Effect of dichloroacetate on the exercise performance of patients with heart failure

The reduced maximal exercise capacity of patients with heart failure has been attributed to skeletal muscle underperfusion with resultant intramuscular lactic acidosis and muscular fatigue. To investigate this hypothesis, the effect of dichloroacetate, a drug that decreases lactate formation by increasing pyruvate oxidation, on the maximal exercise performance of 18 patients with heart failure and reduced ejection fraction (25 ± 9%) was examined. Exercise tests after parenteral dextrose (control) and dichloroacetate were performed 1 week apart. The sequence of interventions was randomized in a double-blind manner.
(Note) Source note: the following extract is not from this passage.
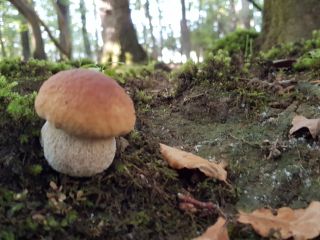 I offer dried mushrooms. Mushrooms harvested exclusively for personal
Dichloroacetate decreased blood lactate at rest (control 8.0 ± 2.5 versus dichloroacetate 5.6 ± 2.9 mg/dl), throughout exercise and at peak exercise (control 26.0 ± 14.3 versus dichloroacetate 19.4 ± 10.8) (all p < 0.05). In contrast, dichloroacetate had no effect on exercise time (control 15.2 ± 6.0 versus dichloroacetate 15.9 ± 6.2 min) or peak exercise oxygen consumption (control 1,280 ± 498 ml/min versus dichloroacetate 1,312 ± 530 ml/min) (both p = NS). In six subjects, dichloroacetate also had no effect at peak exercise on leg blood flow (control 2.8 ± 1.1 versus dichloroacetate 3.0 ± 0.6 liters/min) or femoral oxygen vein saturation (control 12.7 ± 4.1% versus dichloroacetate 12.5 ± 5.7%). These data suggest that intramuscular lactate accumulation is not responsible for muscular fatigue during exercise in patients with heart failure.